第29話 彼なりの愛情表現
(……つ、つかれたぁ……)
大量の荷物が馬車に積み込まれるのを眺めながら、エルシャはよろよろと壁に凭れかかった。
(まさかこんなに買い物をすることになるなんて……)
王都のことをよく知らないエルシャに代わり、オズヴァルドはエルシャを有名店に片っ端から連れて行った。
しかし、ブティックでもジュエリーショップでもエルシャが三秒以上以上見つめた商品はオズヴァルドに全て購入されてしまう。そのせいで迂闊に商品を見れなくなってしまい、エルシャはそそくさと店内を出る羽目になったのだった。
「まだこれだけしか買えていないのか。もっと見て回らなければ……」
「買い物でしたらもう十分です!」
「もういいのか? エルシャは随分控えめなんだな」
(控えめ……?)
エルシャの知る『控えめ』からはかなりかけ離れている。何とも言えない顔をしていると、オズヴァルドはエルシャの手を取った。
「まあ、王都にはまだまだ見どころがあるからな。次の場所へ移動しようか」
その後二人は立派なレストランで食事をし、観光スポットを巡り、カフェで休憩をした。
不思議なことに、行く先々で常に貸切状態だった。外にはこんなにも人が歩いているのに、店の中はがらんとしているのだから不思議だ。

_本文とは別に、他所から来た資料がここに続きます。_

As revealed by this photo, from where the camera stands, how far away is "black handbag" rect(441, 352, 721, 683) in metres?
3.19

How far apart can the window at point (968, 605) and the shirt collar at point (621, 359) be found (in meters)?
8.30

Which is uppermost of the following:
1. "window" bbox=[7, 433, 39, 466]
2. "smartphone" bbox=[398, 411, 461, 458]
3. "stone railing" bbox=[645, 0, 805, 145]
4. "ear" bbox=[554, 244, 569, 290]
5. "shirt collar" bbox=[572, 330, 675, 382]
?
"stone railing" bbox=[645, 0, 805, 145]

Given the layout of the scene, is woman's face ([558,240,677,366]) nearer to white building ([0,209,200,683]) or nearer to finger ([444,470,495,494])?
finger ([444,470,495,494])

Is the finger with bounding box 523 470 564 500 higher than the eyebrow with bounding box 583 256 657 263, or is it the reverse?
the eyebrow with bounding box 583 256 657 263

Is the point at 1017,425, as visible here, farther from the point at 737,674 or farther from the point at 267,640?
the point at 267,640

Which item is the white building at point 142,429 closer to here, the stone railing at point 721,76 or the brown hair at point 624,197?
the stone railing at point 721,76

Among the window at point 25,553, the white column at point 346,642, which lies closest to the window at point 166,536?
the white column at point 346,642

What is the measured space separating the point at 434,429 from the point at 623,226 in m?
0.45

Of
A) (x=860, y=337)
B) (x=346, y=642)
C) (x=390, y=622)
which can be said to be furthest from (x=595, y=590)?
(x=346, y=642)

「今日はどこもすいてるんですね。私達、運がいいのかも」
「……。そうだな」
オズヴァルドは意味深な笑みを浮かべる。
そのときのエルシャにはその笑みの意味がよくわからなかった。しかし、その理由をすぐに察することとなるのであった。
その後オズヴァルドに連れてこられたのは劇場だった。歌劇を鑑賞すると言って、三階席中央にある広々とした貴賓席へと案内された。
そこは舞台だけでなく劇場全体を見渡せる特等席だ。そのため、エルシャはすぐに違和感に気付いた。
(なんで私たちしか観客がいないの……?)
かなり人気の公演だと聞いた。それなのに、この広い会場に観客が二人しかいないというのはどう考えても不自然だ。
……貸切にでもしない限り。
(待って。もしかして本当に貸切なの!?)
そういえば、今日はどの店もやたらとすいているとは思ったが……。
(まさか、今までのお店もオズヴァルドが貸切にしてたってこと!?)
そうでなければ辻褄が合わない。
エルシャはそっと隣を盗み見る。オズヴァルドは女性歌手の澄んだ歌声に耳を澄ませていた。

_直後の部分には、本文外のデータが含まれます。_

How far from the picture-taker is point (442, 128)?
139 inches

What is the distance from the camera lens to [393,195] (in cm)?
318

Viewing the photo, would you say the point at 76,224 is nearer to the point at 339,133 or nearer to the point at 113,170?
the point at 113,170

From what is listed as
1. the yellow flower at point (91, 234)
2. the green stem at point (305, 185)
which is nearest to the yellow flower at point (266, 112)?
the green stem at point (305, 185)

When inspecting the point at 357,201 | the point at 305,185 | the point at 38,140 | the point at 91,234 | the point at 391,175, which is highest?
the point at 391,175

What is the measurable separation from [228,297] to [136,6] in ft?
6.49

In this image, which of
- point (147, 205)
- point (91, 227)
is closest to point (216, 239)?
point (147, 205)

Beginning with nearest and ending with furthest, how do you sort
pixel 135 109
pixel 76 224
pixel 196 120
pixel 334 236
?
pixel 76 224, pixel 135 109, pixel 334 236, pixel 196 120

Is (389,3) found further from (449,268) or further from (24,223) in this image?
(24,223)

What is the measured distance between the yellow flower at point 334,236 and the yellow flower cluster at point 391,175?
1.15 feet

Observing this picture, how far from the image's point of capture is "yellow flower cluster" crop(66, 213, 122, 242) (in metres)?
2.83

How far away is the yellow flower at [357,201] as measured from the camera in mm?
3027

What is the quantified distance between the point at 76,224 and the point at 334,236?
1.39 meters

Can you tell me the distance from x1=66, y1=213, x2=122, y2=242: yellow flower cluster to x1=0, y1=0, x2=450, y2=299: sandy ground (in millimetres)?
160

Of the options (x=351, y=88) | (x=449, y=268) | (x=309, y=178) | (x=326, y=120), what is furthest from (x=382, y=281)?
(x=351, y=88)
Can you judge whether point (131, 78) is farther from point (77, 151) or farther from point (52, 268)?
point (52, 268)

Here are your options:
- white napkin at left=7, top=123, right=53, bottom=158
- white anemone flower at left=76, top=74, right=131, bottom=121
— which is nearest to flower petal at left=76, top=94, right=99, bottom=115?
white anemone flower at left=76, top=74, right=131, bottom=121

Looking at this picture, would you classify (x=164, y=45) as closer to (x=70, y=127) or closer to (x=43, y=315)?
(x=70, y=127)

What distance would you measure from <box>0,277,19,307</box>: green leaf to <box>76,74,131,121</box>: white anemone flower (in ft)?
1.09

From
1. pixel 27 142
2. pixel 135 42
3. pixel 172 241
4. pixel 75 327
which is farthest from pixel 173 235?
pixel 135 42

(この人、やることなすことスケールが大きすぎるわ……)
思わず溜め息を吐いたとき、紫の瞳がこちらを見た。
「退屈か?」
「いえ! こ、これは感嘆の溜め息です! 本当に綺麗な歌声なので……」
咄嗟に出た言葉だったが、その一言でオズヴァルドは表情を緩めた。
「そうか。楽しんでいるみたいでよかった」
その甘やかな眼差しにエルシャの胸は音を鳴らす。
(……大袈裟だけど、きっとこれが彼なりの愛情表現なのね)
そうシンプルに考えると、彼の気持ちも少しは受け止められるような気がした。
価値観も常識も違うオズヴァルドには戸惑わされるばかりだが、もっと彼のことを理解したい。

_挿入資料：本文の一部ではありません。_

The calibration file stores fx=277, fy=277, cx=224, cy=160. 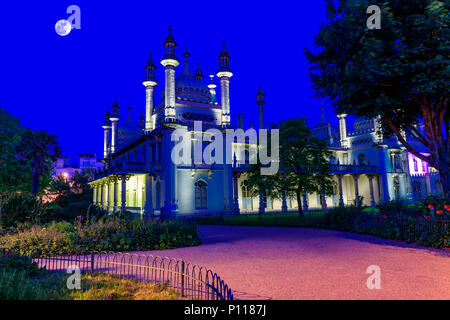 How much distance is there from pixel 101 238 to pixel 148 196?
20.3 meters

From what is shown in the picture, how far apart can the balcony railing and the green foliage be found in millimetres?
30752

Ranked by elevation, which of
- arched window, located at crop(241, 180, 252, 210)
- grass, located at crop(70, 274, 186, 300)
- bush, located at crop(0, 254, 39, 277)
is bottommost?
grass, located at crop(70, 274, 186, 300)

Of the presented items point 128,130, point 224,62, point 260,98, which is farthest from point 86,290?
point 128,130

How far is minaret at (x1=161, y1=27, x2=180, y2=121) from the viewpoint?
97.0ft

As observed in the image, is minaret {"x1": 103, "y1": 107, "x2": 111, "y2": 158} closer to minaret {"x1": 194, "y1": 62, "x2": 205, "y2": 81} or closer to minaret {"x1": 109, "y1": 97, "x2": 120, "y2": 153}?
minaret {"x1": 109, "y1": 97, "x2": 120, "y2": 153}

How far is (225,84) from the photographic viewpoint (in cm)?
3294

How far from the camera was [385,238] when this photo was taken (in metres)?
12.2

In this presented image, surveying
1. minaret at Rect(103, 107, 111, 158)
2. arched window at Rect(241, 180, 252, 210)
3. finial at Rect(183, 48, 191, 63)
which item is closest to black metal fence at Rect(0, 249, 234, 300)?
arched window at Rect(241, 180, 252, 210)

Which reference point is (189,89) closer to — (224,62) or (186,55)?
(224,62)

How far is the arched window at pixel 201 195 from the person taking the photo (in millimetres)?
30391

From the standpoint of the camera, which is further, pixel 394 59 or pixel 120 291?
pixel 394 59

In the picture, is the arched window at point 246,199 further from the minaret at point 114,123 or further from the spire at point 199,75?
the minaret at point 114,123

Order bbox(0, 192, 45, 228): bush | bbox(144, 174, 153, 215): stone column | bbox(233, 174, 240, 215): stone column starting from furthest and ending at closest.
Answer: bbox(144, 174, 153, 215): stone column, bbox(233, 174, 240, 215): stone column, bbox(0, 192, 45, 228): bush

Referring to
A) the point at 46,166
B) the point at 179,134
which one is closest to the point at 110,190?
the point at 46,166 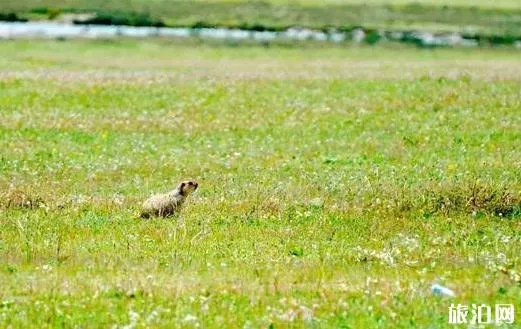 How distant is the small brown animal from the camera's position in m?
19.5

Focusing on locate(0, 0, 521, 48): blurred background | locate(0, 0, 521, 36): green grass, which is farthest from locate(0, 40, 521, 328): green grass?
locate(0, 0, 521, 36): green grass

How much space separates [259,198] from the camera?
20.9 m

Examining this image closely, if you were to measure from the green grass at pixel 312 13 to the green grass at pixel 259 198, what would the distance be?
1797 inches

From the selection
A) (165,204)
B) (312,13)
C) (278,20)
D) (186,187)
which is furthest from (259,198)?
(312,13)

二人きりの座席で、そんな思いが芽生えるのをエルシャは感じていた。
そうして舞台は幕を閉じる。
エルシャはオズヴァルドに断りを入れてから一人でパウダールームへと向かっていた。
「はあ、すごい公演だった……」
いつまで経っても公演の余韻が抜けない。初めは困惑していたエルシャも、何だかんだで終わる頃には舞台に夢中になっていた。
「ここに連れてきてくれたオズヴァルドに感謝しなきゃね」
そう独り言ち、歩を進める。
三階にあるパウダールームは建物の奥まった場所にあった。ひと気のない廊下を進んでいたとき、死角から誰かが飛び出してきた。